C言語、C++、C#、Javaではいわゆる「列挙型」としてenumが使える。しかしながら、C言語とC++、C#、Javaのenumはそれぞれ別ものである。
C言語/C++におけるenum
C言語におけるenumは実際には整数型として扱われる(列挙定数も同様)。そのため、enum型で定義された型は暗黙的に整数型と基の列挙型を相互に変換することが可能であり、enumに定義されていない値を保持することもできる。なお、このenumはスコープされないため、使い方次第では他の定数やdefineと競合を起こす可能性がある。
C++では従来の方式のenumは基本的にはC言語と同様だが、列挙定数については基となった列挙型となっている。これについては通常の整数型への暗黙的な変換は可能だが、整数を列挙型に変換する場合はキャストなどが必要になる。
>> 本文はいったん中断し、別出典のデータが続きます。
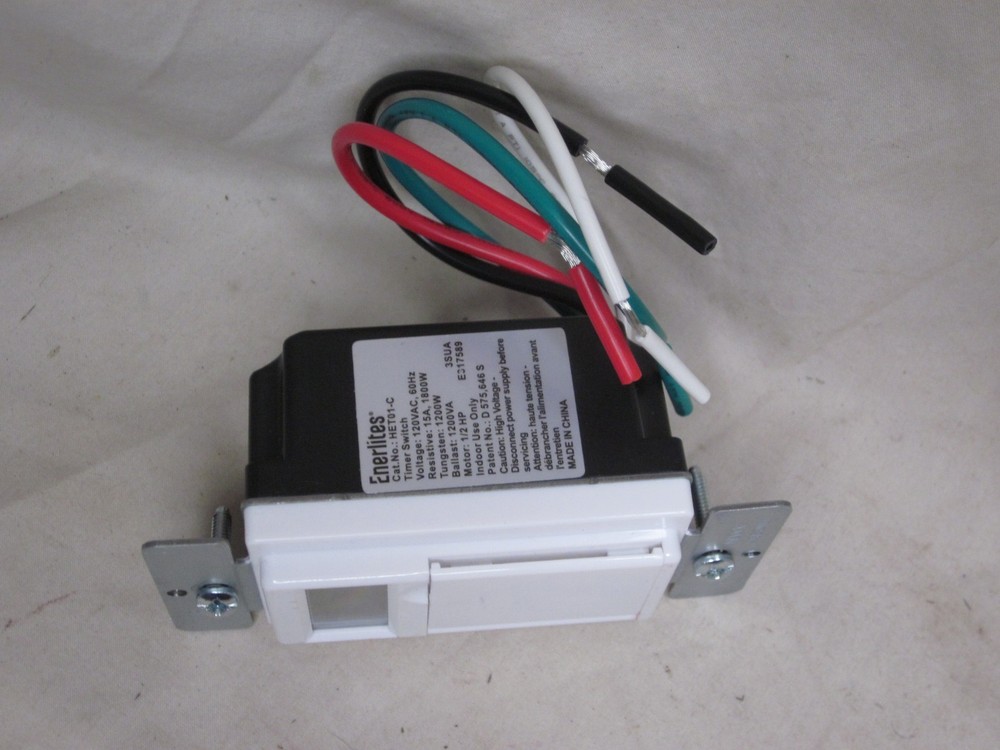 Enerlites Cat.No.: HET01-C Timer Switch electrical control base unit only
C言語やC++においては、後述のスコープされたenumも含めて関数・メソッド内にローカルenumとして定義することも可能である(C#及びJavaでは不可能)。
C++におけるスコープされたenum
C++11以降ではenumとは別にスコープされたenumを使うことができる。この場合は「enum class (列挙型名)」あるいは「enum struct (列挙型名)」に始まるが、こちらは当然ながらスコープされるため、スコープされないenumと比較して名前の衝突は抑えられる。
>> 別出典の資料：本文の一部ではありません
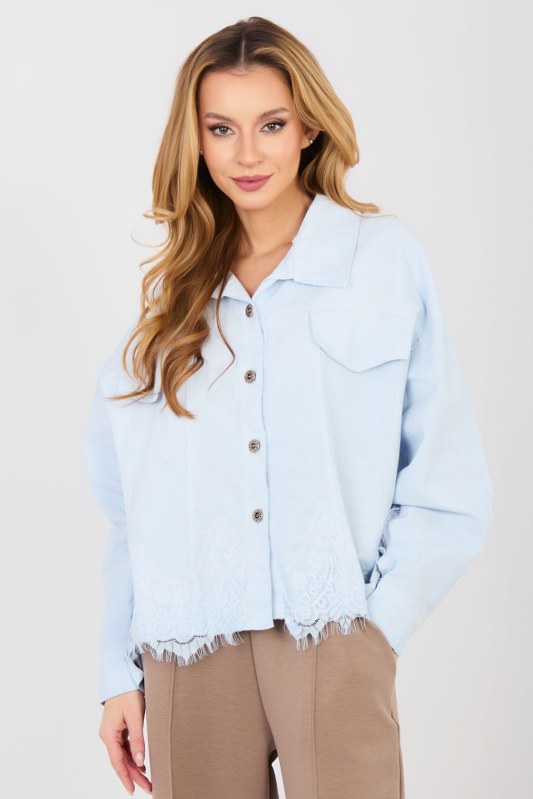Džínová bunda model 223946 Rue Paris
スコープされたenumでは、列挙定数から整数型への変換の際にもキャストが必要になる。
それを除けばC++におけるスコープされていないenumとほぼ同様である。
C#におけるenum
C#におけるenumは実体としては整数として扱われる。整数への変換や列挙型への変換については双方とも可能。定義されていないenum型の値にすることも可能な点はC言語やC++とほぼ同じ。
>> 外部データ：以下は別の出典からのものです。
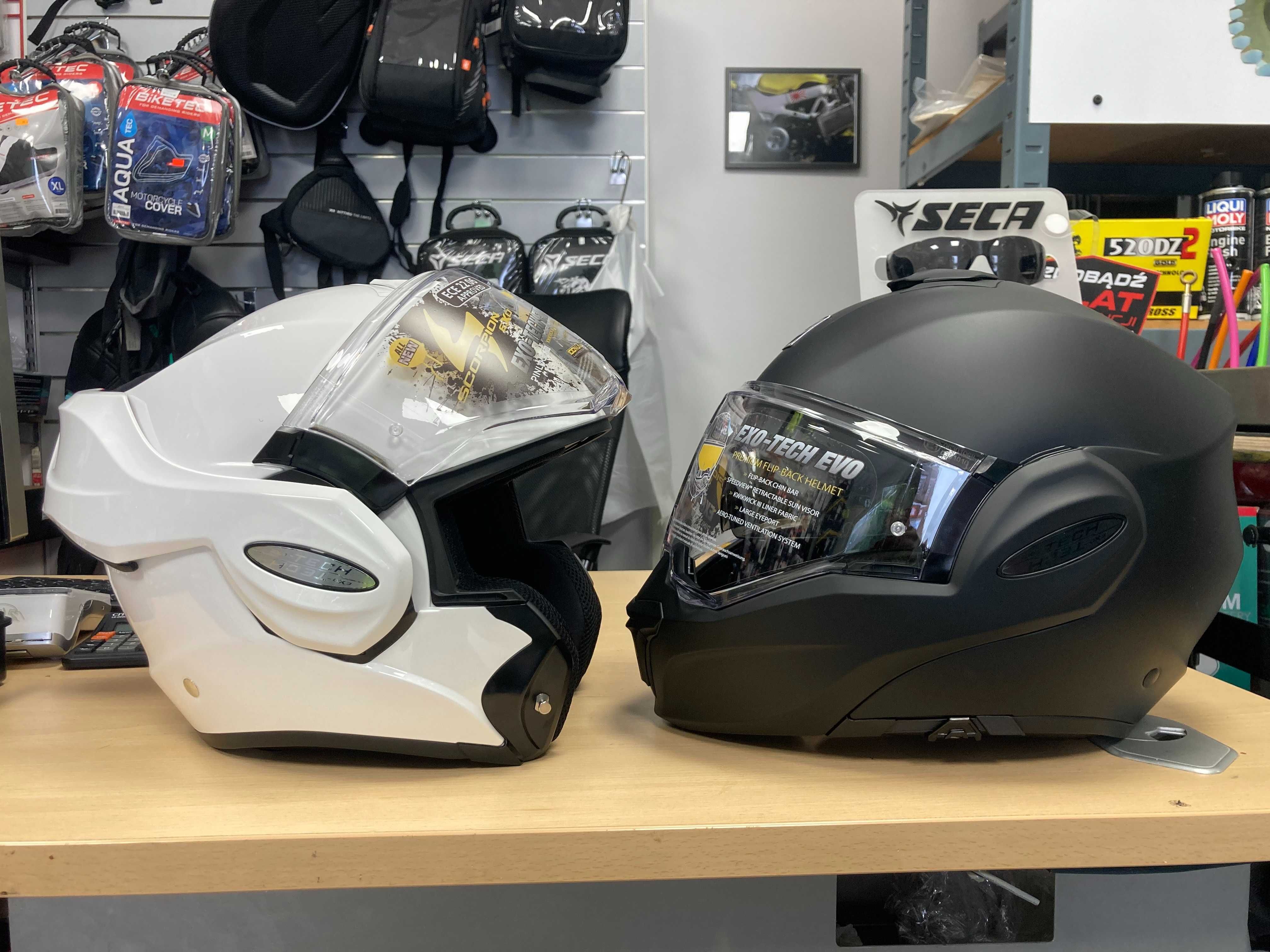 Scorpion Exo-Tech EVO Kask Motocyklowy. Sklep Gwarancja. Pinlock Grati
C言語とは違い、C++11以降におけるスコープされたenumのようにスコープされる。
Javaにおけるenum
Javaにおいては実体は整数ではなく、クラスとして扱われる。
デフォルトでは定数の数値がordinalメソッド、定数名がnameメソッドで定義されており、C/C++/C#とは違い、そのまま定数にキャストすることはできない。数値に変換するにはordinalメソッドが必要。
逆に数値からenumにするには独自にメソッドを実装する必要があり、なおかつenumで定義されていない値は保持することができない。
最後に
列挙型として知られているenumだが、言語によってその実体や定義できる範囲などが違うため、一定以上の注意は必要である。とはいえ、enumを有効に使うことによって、安全かつ簡潔に処理を行うこともできるようになるので、ぜひ有効に活用したい。